על המלחין הצ'כי ליאוש יאנאצ'ק:

Leos Janácek as Teacher

by Lawrence Stoffel


Leos Janácek is recognized today as one of Czechoslovakia's greatest composers. Yet a superficial study of his life reveals that he was never recognized as a composer of stature during most of his lifetime. Not until the successful 1918 performance of his opera Jenufa in Vienna did Janácek receive international notice. Thus, Janácek was an elderly man aged sixty-four years at the time of his first major success as a composer! His reputation was so isolated even after the Vienna performances, that Janácek was ignored in other parts of the world. Upon the opening of Jenufa at the New York Metropolitan Opera in 1924, Janácek was still referred to as an amateur composer. From the review of Jenufa in the New York Evening Post, "Janácek has written music that is obviously the work of a man who, however many works he may have to his credit, is only a cut above the amateur."

His slighted reputation did not always fare well in his native Czechoslovakia either. Rudolf Firkusný, a former pupil of Janácek's, noted that the composer "was considered partly crazy, partly extravagant, and an amateur. [Prague] didn't take him seriously...." Despite such criticism both in his native country and abroad, Janácek's compositions have since emerged to general recognition for artistic merit. For the last ten years of his life, Janácek lived as a self-supported composer.

For most of the first 64 years of Janácek's life, he did compose music--much music, in fact.

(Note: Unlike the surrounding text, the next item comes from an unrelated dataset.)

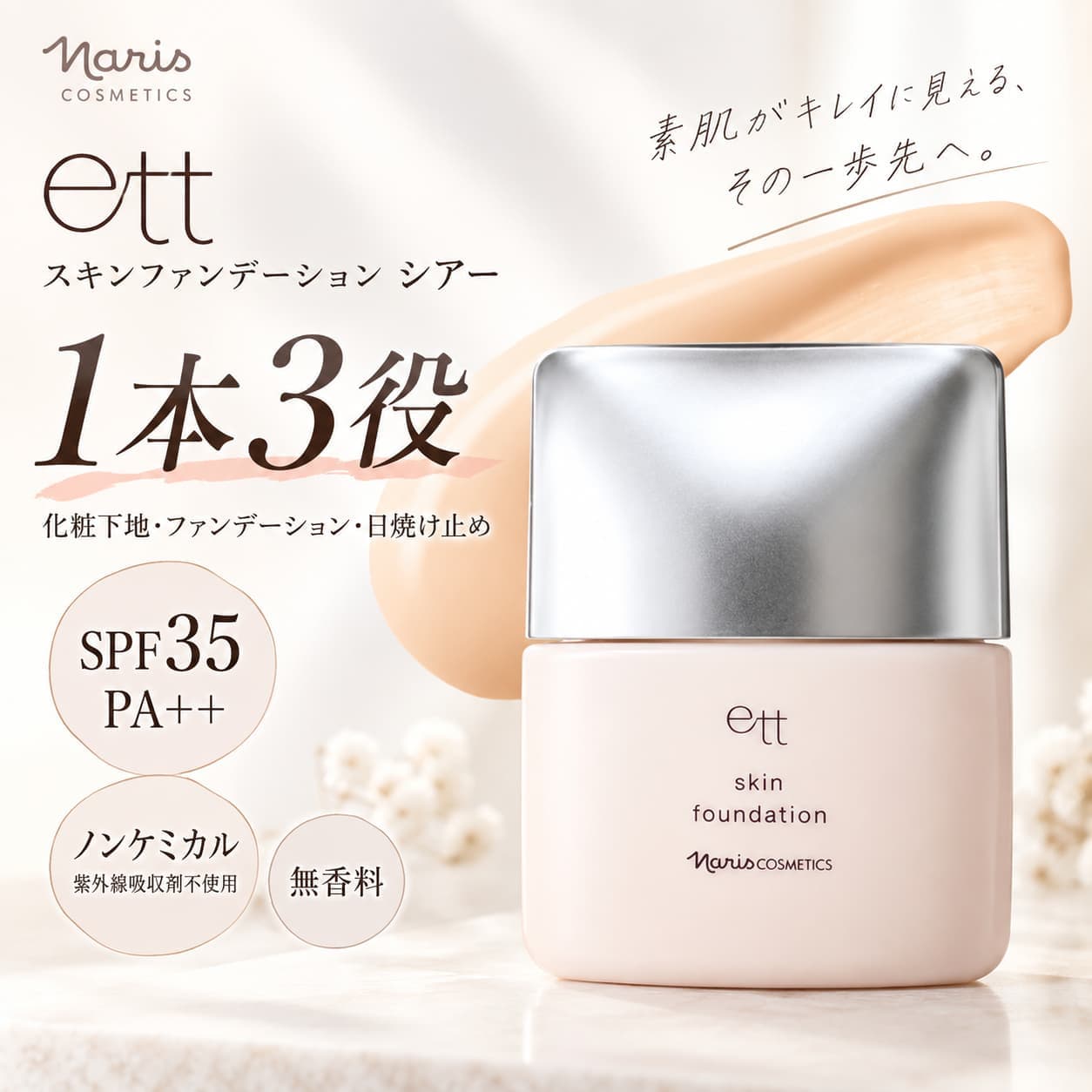 ナリスエットスキンファンデーション...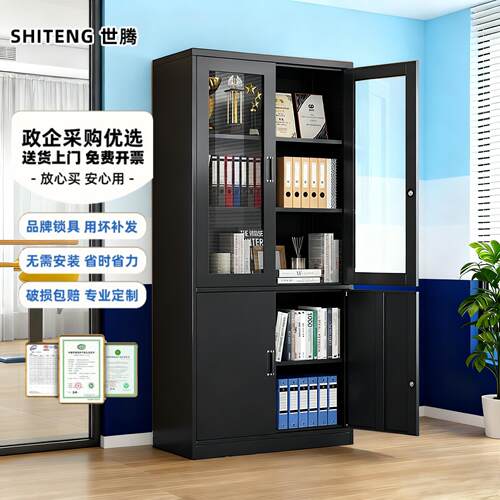 办公室加厚黑色文件柜钢制铁皮档案柜资料柜凭证柜收纳柜收纳柜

But his livelihood was certainly not sustained by his compositional endeavors. Indeed, from the age of 18 until he turned 64 years old, Janácek's profession was as a music teacher. While his lifetime ambition remained with composition, his career was in education. To suggest that Janácek's career as a teacher was a decision out of necessity rather than choice is misleading, however. Investigating his vocational life's work reveals that Janácek aspired toward teaching and excelled at it, as well. Would his teaching career have been cut short had his compositional success arrived earlier in his life? That question will be investigated.

Leos Janácek's initial professional endeavor in teaching seemed to follow course with his family's legacy of teacher-musicians. Both his father and grandfather served as school teachers and church choir directors in their home villages.

Janácek's grandfather, Jirí, began his teaching career at the age of nineteen in Velký Petrvald. Extant accounts confirm that Jirí was a good teacher, but teaching was not a glamorous profession--his normal duties as a village school master would also include wood-chopping, cleaning, supervising children, and ringing church bells! Jirí also possessed reasonable skill as an organist and singer, and with such talents, he provided musical service to the town's church choir.

Two of Jirí's sons followed similar career paths, including Leos' father, also named Jirí. The father's teaching career began even sooner in life than the grandfather's, at the age of sixteen, when Jirí was appointed school assistant in the town Neplachovice (1831). Two years later, he served briefly as assistant teacher in Katerinky, then moved onto Príbor where he taught for fourteen years. With such experience Jirí secured a full-time schoolmaster position in the village of Hukvaldy (1848), where Leos would be born six years later. Jirí established himself in Hukvaldy not only as village school master, but in civic matters, as well. His reputation as a teacher was strong, and served as a church musician both in the village and a neighboring town.

Life as a school teacher in 19th century Hukvaldy was a constant struggle. As a small village, the Hukvaldy teacher lived a bare existence, and Jirí struggled to keep his family within basic living conditions. His salary was meager and working conditions were unhealthy. Hukvaldy's one-room classroom held all of the village students within a cramped space; Jirí taught half the class, while an assistant taught the other.

Despite the poor living conditions that would eventually contribute to Jirí Janácek's death in 1866, he did establish a successful singing and reading club in Hukvaldy. He also founded an amateur music society which soon boasted of several concert performances within a single year.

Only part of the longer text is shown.